TASK BRIEF
In the records below, find the line with "Baymont By Wyndham" and repeat exactly every line from it through the line with "Vista 7 de FEISEDY". Pictures stay out.
** INPUT FOR THIS TASK follows **
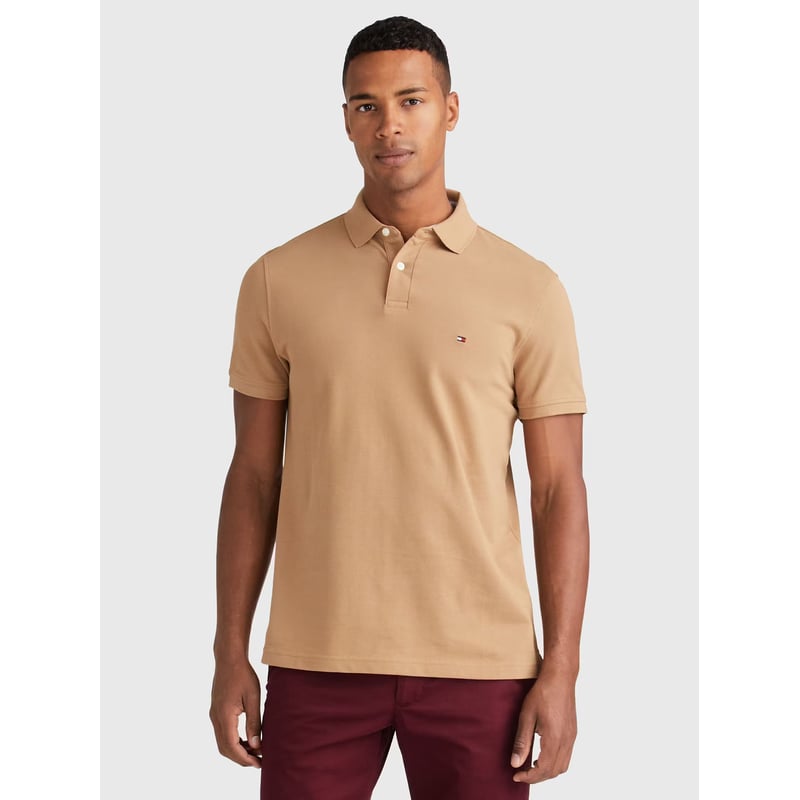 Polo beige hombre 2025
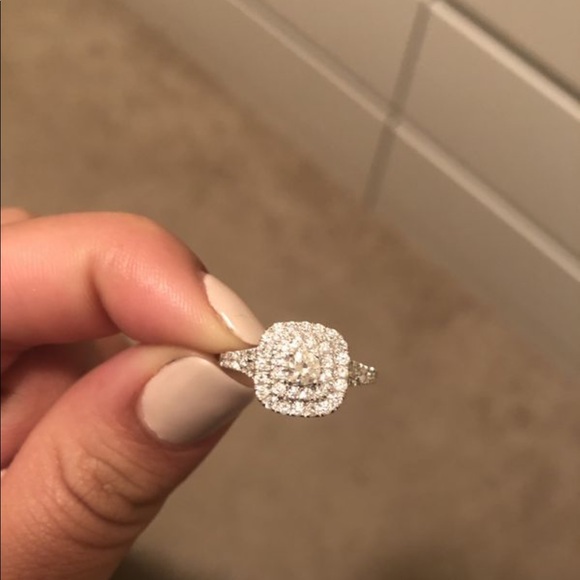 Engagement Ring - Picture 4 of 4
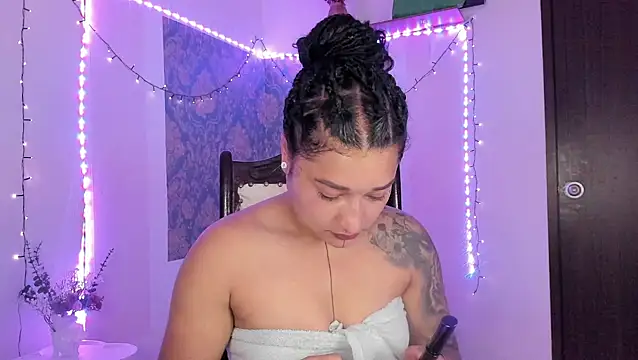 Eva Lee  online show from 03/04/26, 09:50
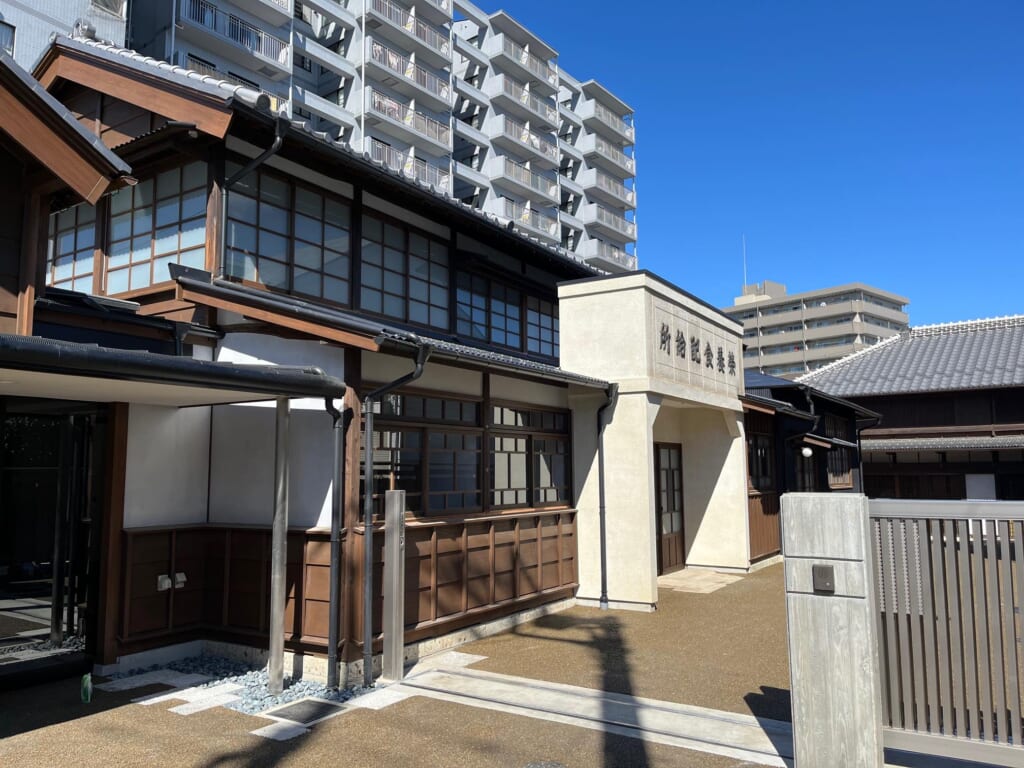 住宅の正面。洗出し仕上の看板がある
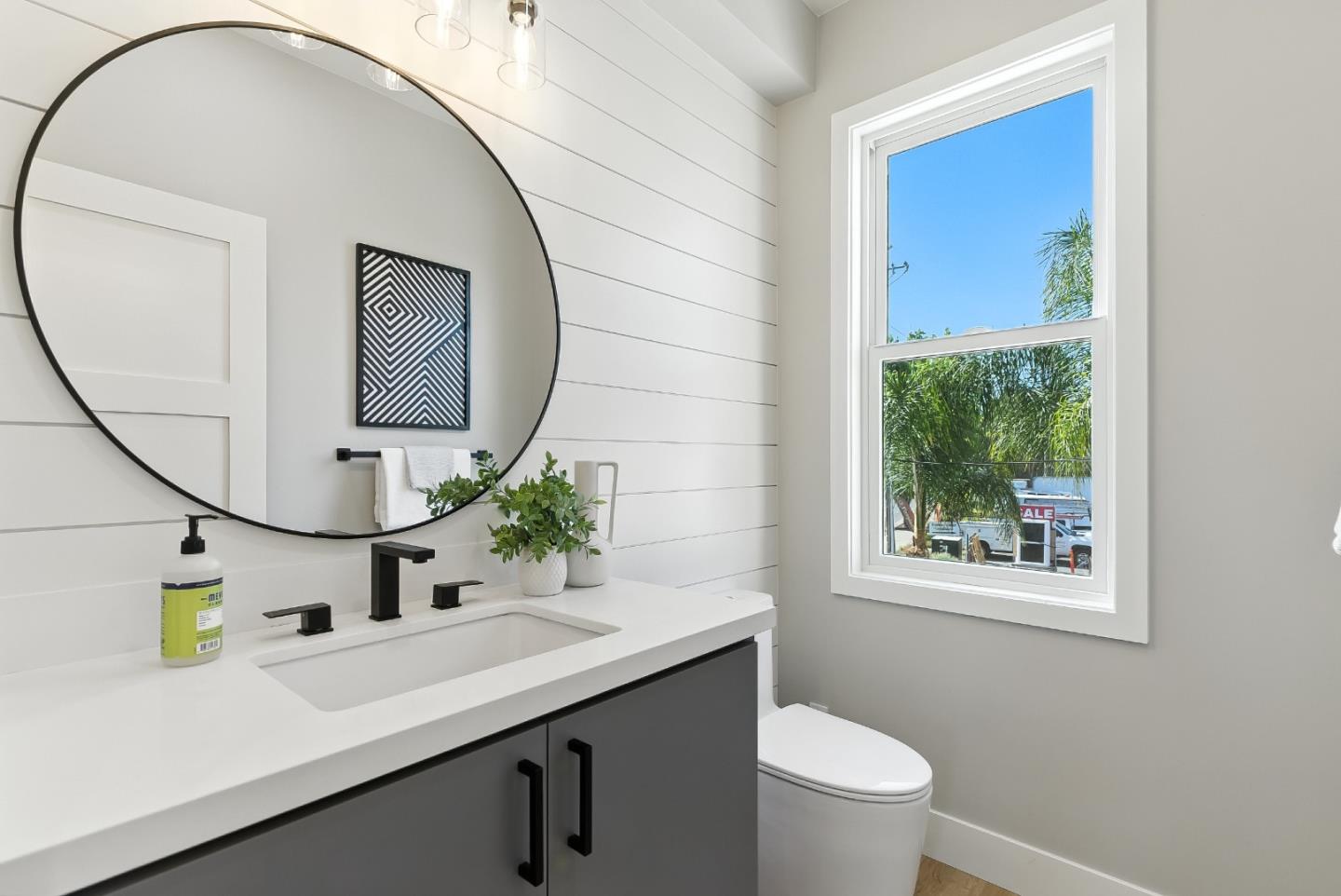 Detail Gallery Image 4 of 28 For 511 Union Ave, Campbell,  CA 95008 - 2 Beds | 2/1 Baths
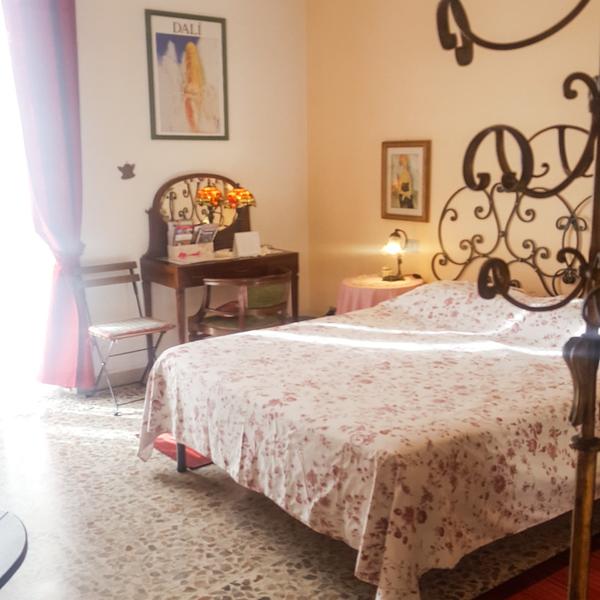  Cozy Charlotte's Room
** End of INPUT FOR THIS TASK **
** INPUT FOR THIS TASK follows **
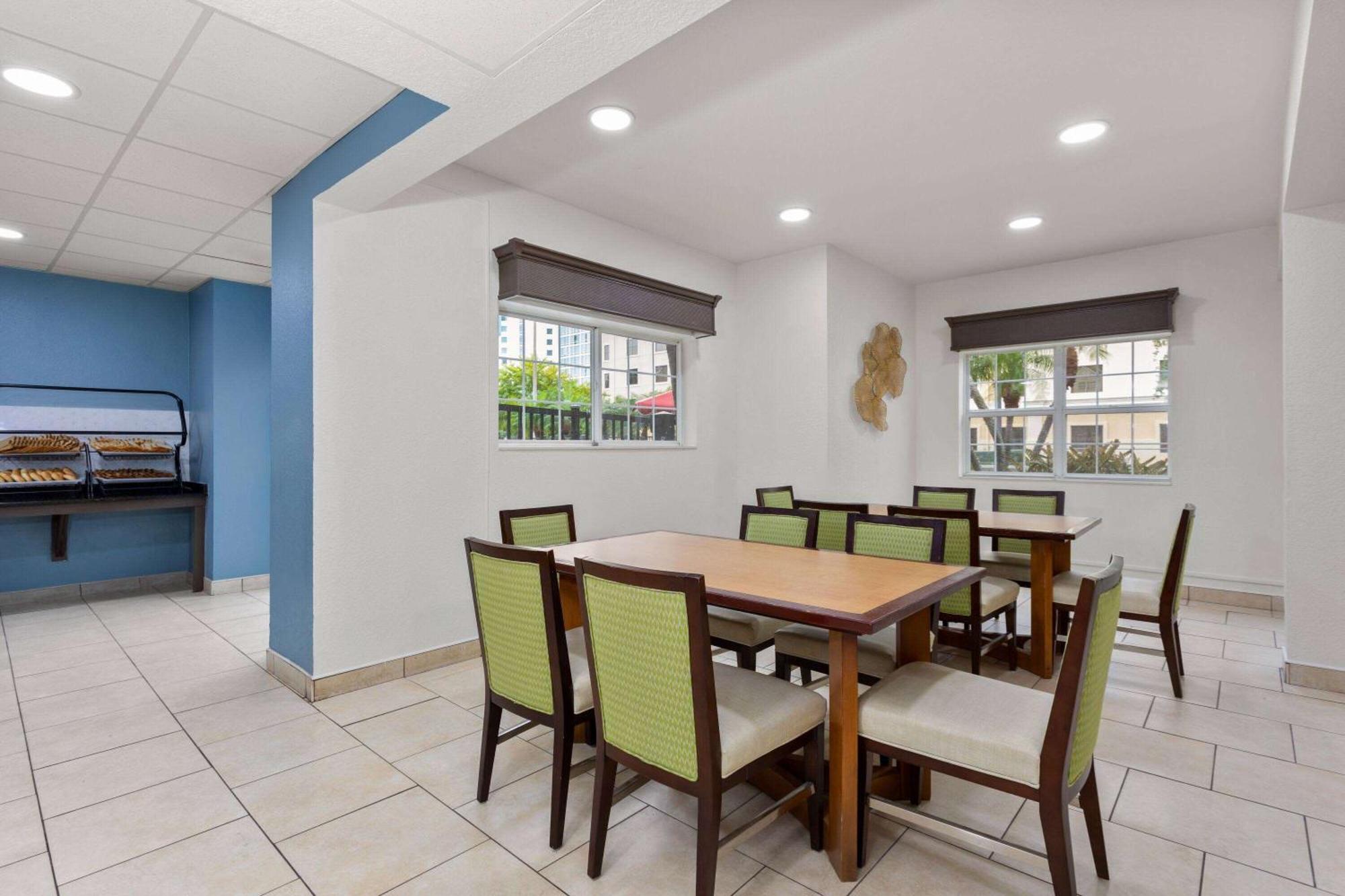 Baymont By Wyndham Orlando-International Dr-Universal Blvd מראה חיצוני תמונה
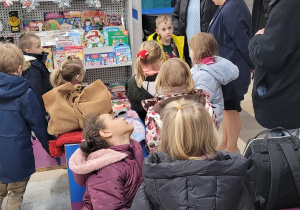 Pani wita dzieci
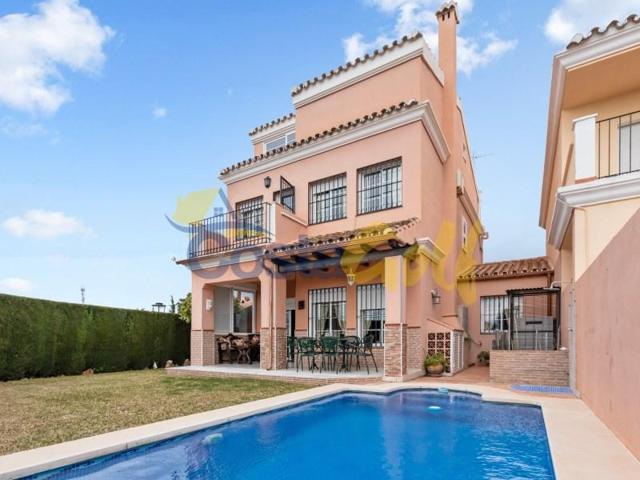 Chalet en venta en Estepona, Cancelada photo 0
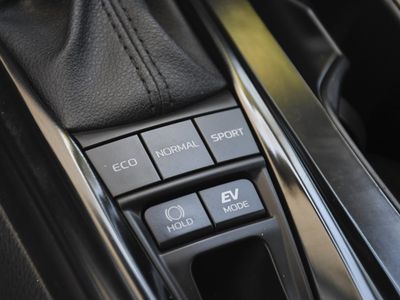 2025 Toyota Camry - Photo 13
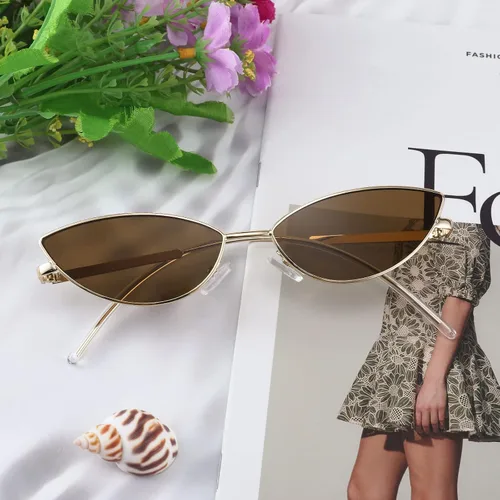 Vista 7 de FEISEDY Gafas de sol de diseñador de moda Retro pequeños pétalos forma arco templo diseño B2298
** End of INPUT FOR THIS TASK **
YOUR RESPONSE
 Baymont By Wyndham Orlando-International Dr-Universal Blvd מראה חיצוני תמונה
 Pani wita dzieci
 Chalet en venta en Estepona, Cancelada photo 0
 2025 Toyota Camry - Photo 13
 Vista 7 de FEISEDY Gafas de sol de diseñador de moda Retro pequeños pétalos forma arco templo diseño B2298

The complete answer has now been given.